The next two talks were probably my favorites after Prof. Setubal’s. Prof. Juarez L. F. da Silva talked about nanoclusters and Prof. Ricardo de Camargo gave great examples of using HPC for weather forecasting processing using HPC.

USP 2nd HPC Workshop

Last but not least, Prof. Dr. Leonardo Matheus Marion Jorge, presenting the works of his groups with molecules and, yup, more amazing illustrations. Not sure who was younger, Prof. Leonardo or Dr. Ricardo, but both were amazing.

What I liked about the event

The event atmosphere was great. The auditorium too, as well as the quality of the talks and the coffee break (nham nham). I learned more about what USP has to offer to its students, researchers and collaborators, as well as a bit more about which bioinformatics tools they are using.

Ah! And the event was transmitted to the Internet too, and the organizers took
care to not let people ask questions without using the mic.

What I didn’t like so much about the event

I really enjoyed the event! But one thing bugged me.

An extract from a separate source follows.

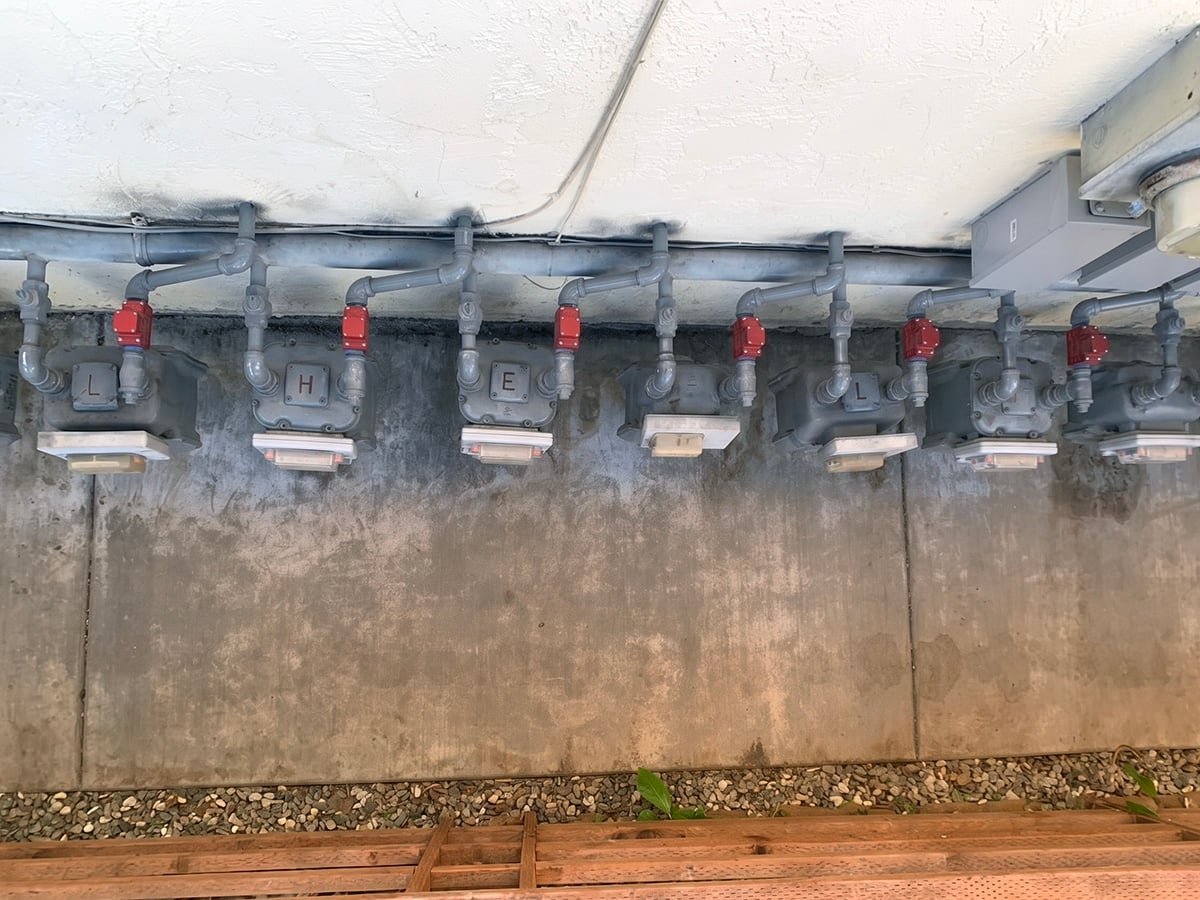 Multi-unit gas meter manifold with seismic shut-off valves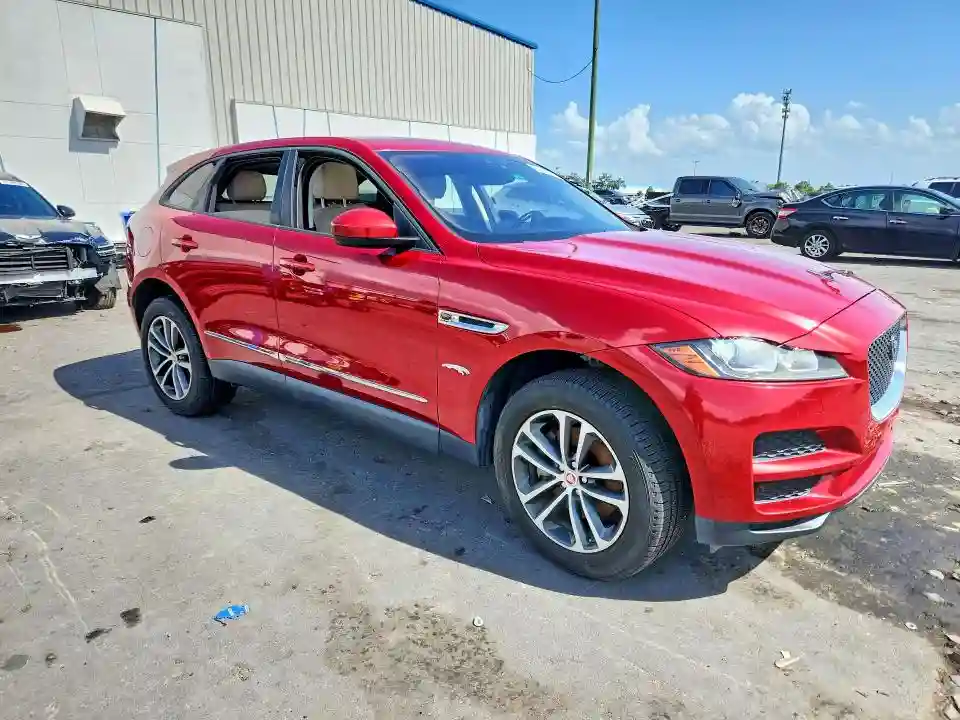 SADCJ2EV9JA257300 2018 JAGUAR F-PACE-3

Most of the talks that I watched mentioned some Open Source software. The university has a group dedicated to Open Source, but there was no word about sharing data from the HPC servers (monitoring, patches, or enhancements) back with these projects, sending contributions or even donations. Maybe there is some contribution happening, but I couldn’t find anything about it.

I was expecting to leave the event with some GitHub repos to follow, but unfortunately the speakers didn’t provided any link too.